In the northern Indian state of Uttarakhand Indian railway officials announced that the signboards of all railway platforms which have names of railway stations written in Hindi, English and Urdu will now be written in Hindi, English and Sanskrit.

According to 2011 census data, the exact number of Sanskrit speakers in the state is 386, while Urdu speakers are more than four percent of the population at 425,752 persons.


Critics say is part of the ruling Bharatiya Janata Party's (BJP) attack on Muslim cultural heritage.


Professor Chandan Gowda, who teaches sociology at the private university Azim Premji in the southern city of Bengaluru, said the BJP "is hell-bent on Hinduising India".
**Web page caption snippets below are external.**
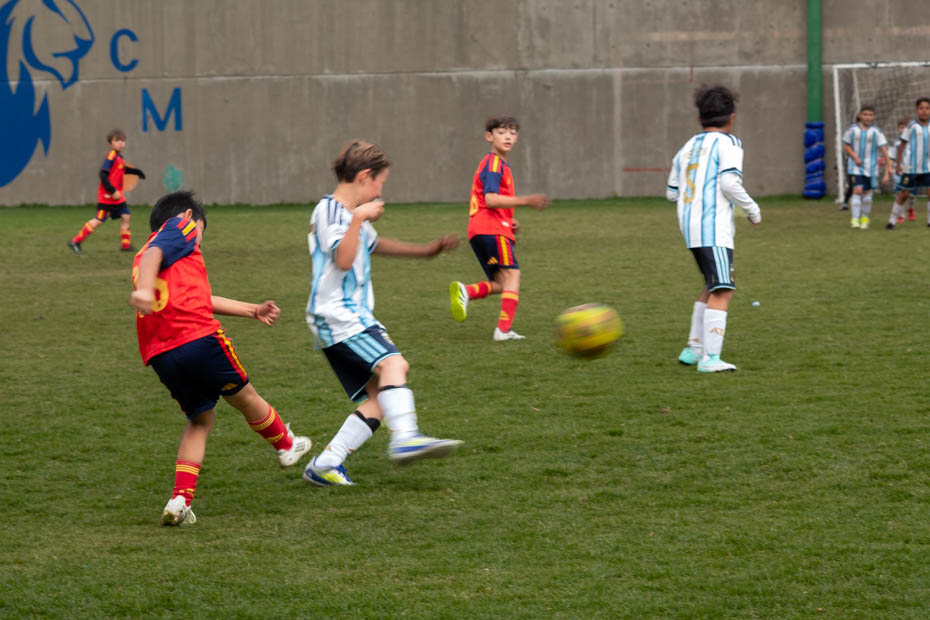 Ir a la Siguiente Foto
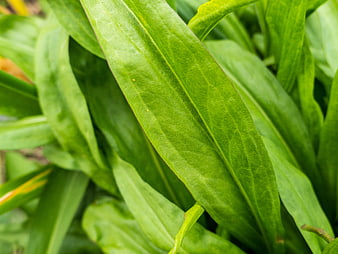 Close-up of vibrant green plant leaves with natural texture
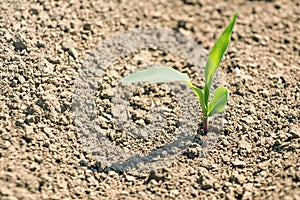 Young green corn growing on the field. Young Corn Plants.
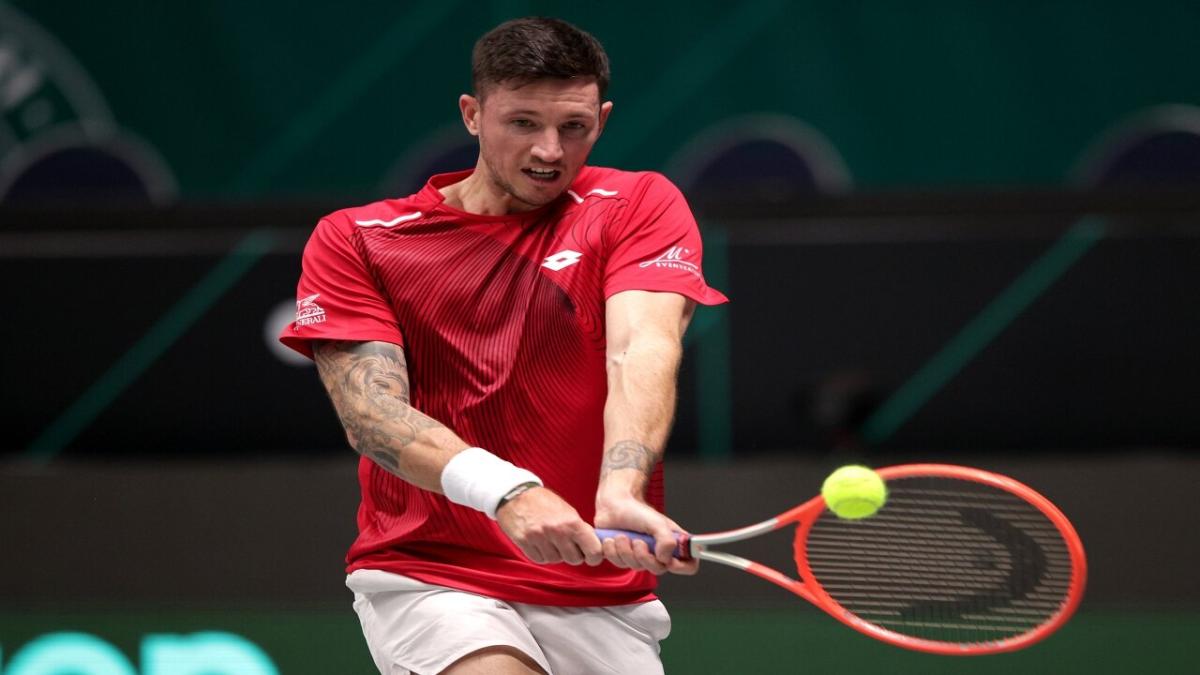 Dennis Novak - Davis Cup
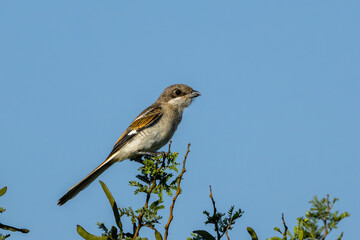 A teenager Southern Fiscal (Fiskaallaksman) (Lanius Colllaris) in Rietvlei Nature Reserve, Pretoria, Gauteng, South Africa 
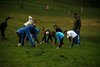 campestrelanzda17012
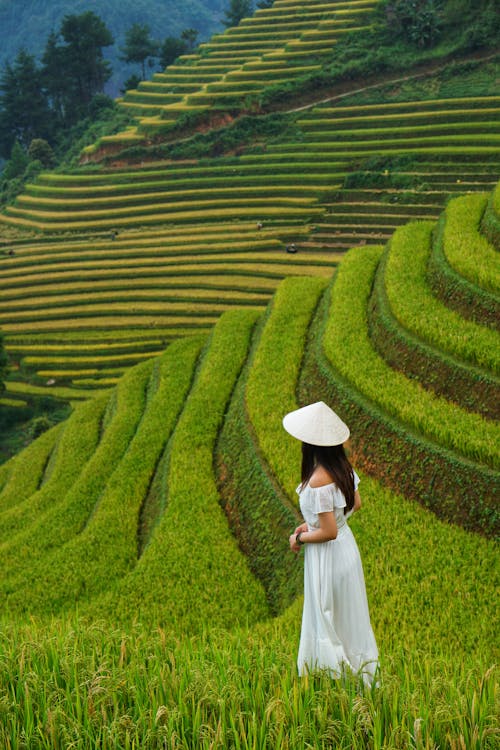 Woman in a White Dress on Agricultural Terraces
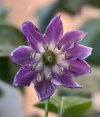 IMG_1056.jpeg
"I am actually shocked to see this. How are these Sanskrit signs going to help when you have so few speakers in the state?" he said. "This government started with changing Mughal names or Muslim-sounding names, now they are going after the language, it is highly unfortunate," he told Al Jazeera.
In October 2018, the BJP government in neighbouring UP state renamed the cities of Allahabad to Prayagraj and Faizabad to Ayodhya, saying it was "correcting wrongs" made by Mughal rulers during the medieval period.
In the same year in August, the UP government renamed the iconic Mughalsarai railway station near Varanasi – the parliamentary constituency of Prime Minister Narendra Modi – to Deen Dayal Upadhyaya station.

There have already been calls to change the name of Agra, where the famous Taj Mahal is located, to Agravan, or Agrawal and Ahmedabad, the capital of Gujarat state, to Karnavati.

The BJP has also been accused of attempting to distort history by either removing or rewriting the Islamic past and Muslims' contribution to nation building.